Banco de la República reiterates the 3.0% Inflation Target and reduces the Benchmark Interest Rate by 25 bp to 4.75%
The Board of Directors of the Central Bank of Colombia reiterates the 3.0% inflation target, in a range of 2.0% to 4.0%. The monetary policy action will continue to be directed to reaching the 3.0% target. The inflation result may oscillate around this level depending on macroeconomic or sectorial shocks and on the dynamics of the inflationary process.
The Board, at today’s meeting, decided to reduce the benchmark interest rate by 25 bp to 4.75%. For this decision, the Board mainly took into account the following aspects:
- In October, inflation increased, reaching 4.05%. The acceleration of inflation was mainly explained by the behavior of the food CPI. The average of core inflation indicators continued descending, standing at 4.5%.
- The observed inflation continued to be inferior to the expected by the market and by the Central Bank´s technical staff, mainly because of the good behavior of the groups of food, and tradable goods excluding food and regulated items. Inflation expectations recorded slight changes. Those by analysts to December 2017 and 2018 decreased and stand, on average, at 3.95% and 3.49%, respectively. Those embedded in public debt bonds remain above 3.0%.
- The direct effects of the strong transitory supply shocks that deviated yearly inflation from its target have faded. The effects of the indexation of prices and of the increases in indirect taxes at the beginning of the year are expected to reduce, and with this, that inflation and core inflation measures converge to the target.
- In Colombia, the output growth of the third quarter (2.0%) was lower than the forecast by the technical staff of the Central Bank (2.3%). The dynamics of the domestic demand was weaker than expected. The behavior of exports contributed to the growth. These figures confirm the persistence of economic growth below its potential; for this reason, the underuse of the installed capacity of the economy is expected to continue expanding.
- External demand continues recovering, driven mainly by developed economies. Oil prices increased, and the terms of trade are expected to end the year above the average level recorded in 2016. In the United States, the Federal Reserve is likely to increase its policy rate during the rest of the year. The exchange rate has been volatile and, on average, the peso has depreciated vis-à-vis the US dollar in the last month.

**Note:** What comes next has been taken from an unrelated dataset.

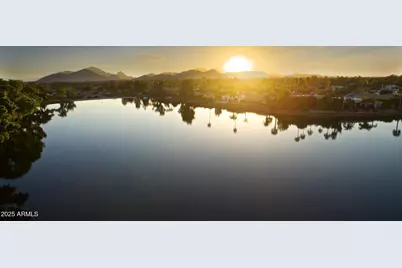 8270 N Hayden Road #1011, Scottsdale, AZ 85258 - Photo 21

Based on this information, the Board considered the following factors for its decision:
- The lower level of inflation versus the forecast from the last months and the lower projections of the technical staff in the policy horizon. This behavior has been registered in several of the sub-groups of the CPI, especially food and tradable goods excluding food and regulated items. These results suggest that convergence of inflation to its 3.0% target could be faster, although uncertainty in this regard remains high.
- A weaker-than-expected economic activity and the risk of a slowdown beyond what is compatible with the deterioration in the income dynamics due to the fall in oil prices. Recent indicators point to larger excesses of capacity of the economy, although the uncertainty in terms of their size is high.
- Although the orderly adjustment of the current account deficit is expected to continue, there are risks in the international environment that may affect such adjustment.
In this context, given the greater weakness of the economic activity and the lower inflation forecasts for 2018, the Board of Directors deemed appropriate the reduction of the benchmark interest rate by 25 bp. However, the international environment poses risks that limit the countercyclical capacity of monetary policy in the future. Therefore, new reductions will depend on the speed of the convergence of inflation to its target, on the evolution of the excess of productive capacity, and on the behavior of external variables.
The decision to reduce the benchmark interest rate was approved by five (5) members of the Board. The two (2) remaining Board Members voted to maintain the policy rate at 5.0%.